我今年五十六岁,结婚二十五年。在外人眼里,我们是标准的中年模范夫妻,逢年过节全家福拍得端端正正,邻居都夸我们有夫妻相。可关起门来,我俩就像两尊兵马俑,一个在东,一个在西,中间隔着的不是床,是二十五年没化开的冰碴子。
我老公是个实心木头疙瘩。工资卡老老实实上交,家里大事也不跟我争,但他不会甜言蜜语,也懒得琢磨女人心思。有一次我感冒发烧,他把药片搁在床头柜上,转头就去打麻将;我哭得抽抽搭搭,他皱着眉头甩一句“哭啥哭,多大点事”,然后继续看他的新闻联播。

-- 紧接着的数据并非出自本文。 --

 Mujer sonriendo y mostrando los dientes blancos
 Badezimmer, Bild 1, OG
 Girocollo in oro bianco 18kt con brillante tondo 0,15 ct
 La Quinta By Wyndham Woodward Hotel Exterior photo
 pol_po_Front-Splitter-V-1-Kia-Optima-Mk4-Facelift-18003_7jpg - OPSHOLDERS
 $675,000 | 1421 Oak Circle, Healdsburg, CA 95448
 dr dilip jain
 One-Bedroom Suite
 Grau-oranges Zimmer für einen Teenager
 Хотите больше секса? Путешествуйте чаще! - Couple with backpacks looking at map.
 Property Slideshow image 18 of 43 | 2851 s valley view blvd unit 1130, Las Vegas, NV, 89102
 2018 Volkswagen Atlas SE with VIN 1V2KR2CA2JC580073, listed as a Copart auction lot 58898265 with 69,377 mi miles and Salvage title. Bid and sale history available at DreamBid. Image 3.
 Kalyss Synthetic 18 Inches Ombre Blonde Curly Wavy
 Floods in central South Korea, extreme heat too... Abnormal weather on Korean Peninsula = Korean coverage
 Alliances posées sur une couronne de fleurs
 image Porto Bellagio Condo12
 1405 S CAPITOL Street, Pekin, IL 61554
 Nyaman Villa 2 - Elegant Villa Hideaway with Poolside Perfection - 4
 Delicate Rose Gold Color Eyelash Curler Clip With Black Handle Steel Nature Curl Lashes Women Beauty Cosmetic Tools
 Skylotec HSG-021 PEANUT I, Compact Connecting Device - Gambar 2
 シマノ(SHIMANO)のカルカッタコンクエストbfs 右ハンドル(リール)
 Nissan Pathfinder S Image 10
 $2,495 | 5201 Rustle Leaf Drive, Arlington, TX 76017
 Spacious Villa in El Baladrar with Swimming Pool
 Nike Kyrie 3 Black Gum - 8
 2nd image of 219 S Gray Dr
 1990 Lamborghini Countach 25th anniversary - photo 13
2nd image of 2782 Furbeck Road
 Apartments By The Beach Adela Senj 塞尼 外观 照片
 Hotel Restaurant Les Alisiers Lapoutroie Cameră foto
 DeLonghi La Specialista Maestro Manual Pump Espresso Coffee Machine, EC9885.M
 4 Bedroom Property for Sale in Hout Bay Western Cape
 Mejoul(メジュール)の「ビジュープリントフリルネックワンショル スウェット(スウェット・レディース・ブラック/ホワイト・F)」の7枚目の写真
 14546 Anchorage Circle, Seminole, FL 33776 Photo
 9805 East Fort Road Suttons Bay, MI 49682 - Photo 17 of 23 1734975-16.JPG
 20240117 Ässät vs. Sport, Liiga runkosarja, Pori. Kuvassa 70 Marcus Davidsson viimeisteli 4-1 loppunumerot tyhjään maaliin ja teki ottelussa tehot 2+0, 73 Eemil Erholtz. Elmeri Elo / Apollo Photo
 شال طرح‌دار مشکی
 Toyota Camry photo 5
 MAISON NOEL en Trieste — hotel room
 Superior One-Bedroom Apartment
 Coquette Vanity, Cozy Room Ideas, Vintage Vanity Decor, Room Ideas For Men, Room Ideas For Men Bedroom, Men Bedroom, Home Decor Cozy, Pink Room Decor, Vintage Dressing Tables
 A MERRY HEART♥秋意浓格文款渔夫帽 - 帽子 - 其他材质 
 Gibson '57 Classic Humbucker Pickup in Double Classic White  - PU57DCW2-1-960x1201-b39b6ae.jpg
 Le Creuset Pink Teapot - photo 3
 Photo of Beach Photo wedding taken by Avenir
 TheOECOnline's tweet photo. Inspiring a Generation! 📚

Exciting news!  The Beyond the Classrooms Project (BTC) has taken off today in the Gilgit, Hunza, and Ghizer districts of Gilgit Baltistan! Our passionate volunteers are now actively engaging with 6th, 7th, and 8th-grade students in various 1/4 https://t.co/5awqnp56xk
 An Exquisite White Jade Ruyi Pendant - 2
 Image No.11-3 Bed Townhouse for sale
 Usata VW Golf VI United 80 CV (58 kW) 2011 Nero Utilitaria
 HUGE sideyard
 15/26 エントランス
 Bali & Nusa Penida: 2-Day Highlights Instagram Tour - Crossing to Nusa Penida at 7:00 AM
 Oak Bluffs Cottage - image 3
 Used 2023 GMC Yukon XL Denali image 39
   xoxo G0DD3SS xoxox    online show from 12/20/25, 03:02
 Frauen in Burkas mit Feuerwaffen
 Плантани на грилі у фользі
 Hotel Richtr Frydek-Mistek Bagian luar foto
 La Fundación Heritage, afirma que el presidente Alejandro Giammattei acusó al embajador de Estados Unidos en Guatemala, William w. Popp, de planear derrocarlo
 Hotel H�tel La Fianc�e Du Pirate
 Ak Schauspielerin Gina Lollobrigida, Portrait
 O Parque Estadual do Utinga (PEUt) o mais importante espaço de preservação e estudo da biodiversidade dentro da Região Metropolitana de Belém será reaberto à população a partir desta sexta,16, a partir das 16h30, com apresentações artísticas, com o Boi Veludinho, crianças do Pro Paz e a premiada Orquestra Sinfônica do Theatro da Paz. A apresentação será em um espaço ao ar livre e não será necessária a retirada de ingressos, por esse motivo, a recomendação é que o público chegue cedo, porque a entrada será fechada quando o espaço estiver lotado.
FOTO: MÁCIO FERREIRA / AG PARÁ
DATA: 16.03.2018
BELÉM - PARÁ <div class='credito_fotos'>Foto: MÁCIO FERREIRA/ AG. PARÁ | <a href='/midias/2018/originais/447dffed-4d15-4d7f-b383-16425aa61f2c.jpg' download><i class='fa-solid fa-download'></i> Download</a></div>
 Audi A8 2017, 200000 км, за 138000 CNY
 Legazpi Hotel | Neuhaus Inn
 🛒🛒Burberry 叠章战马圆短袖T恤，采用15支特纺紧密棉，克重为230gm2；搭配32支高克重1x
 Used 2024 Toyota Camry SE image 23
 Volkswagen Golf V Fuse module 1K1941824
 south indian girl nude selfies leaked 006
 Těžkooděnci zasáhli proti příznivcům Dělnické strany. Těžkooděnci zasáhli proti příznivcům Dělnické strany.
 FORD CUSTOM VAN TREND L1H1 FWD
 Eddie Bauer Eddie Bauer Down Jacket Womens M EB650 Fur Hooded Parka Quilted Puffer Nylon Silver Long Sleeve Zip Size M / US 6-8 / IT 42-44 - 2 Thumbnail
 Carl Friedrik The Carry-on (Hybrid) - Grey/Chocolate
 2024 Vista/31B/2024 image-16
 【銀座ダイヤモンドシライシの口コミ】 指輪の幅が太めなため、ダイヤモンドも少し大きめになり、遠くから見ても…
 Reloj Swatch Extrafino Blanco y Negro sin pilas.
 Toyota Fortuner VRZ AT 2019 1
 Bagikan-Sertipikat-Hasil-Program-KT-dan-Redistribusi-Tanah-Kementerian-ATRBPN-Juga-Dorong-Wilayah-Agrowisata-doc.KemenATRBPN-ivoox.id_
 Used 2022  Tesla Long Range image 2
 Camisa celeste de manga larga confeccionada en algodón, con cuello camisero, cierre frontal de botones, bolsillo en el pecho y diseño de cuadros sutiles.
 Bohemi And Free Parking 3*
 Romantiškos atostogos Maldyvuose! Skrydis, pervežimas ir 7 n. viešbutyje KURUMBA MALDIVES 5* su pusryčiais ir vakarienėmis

四十岁那年,街口修车铺的老板闯进了我这潭死水。他比我小两岁,说话带着点市井的糙劲儿。有次我路过,他随口问了一句:“今天脸色不太好啊,是不是没睡好?”就这一句,把我眼眶给整红了。从那以后,我就像干裂的土地突然落了场雨,心里那点被忽略的渴望蹿了上来。于是,我跟他偷偷摸摸地好了八年,整整三千多个日夜。白天我在老公面前演贤妻良母,晚上借口加班,溜到修车铺充满机油味的小隔间里,听他说一句“你今天气色真好”。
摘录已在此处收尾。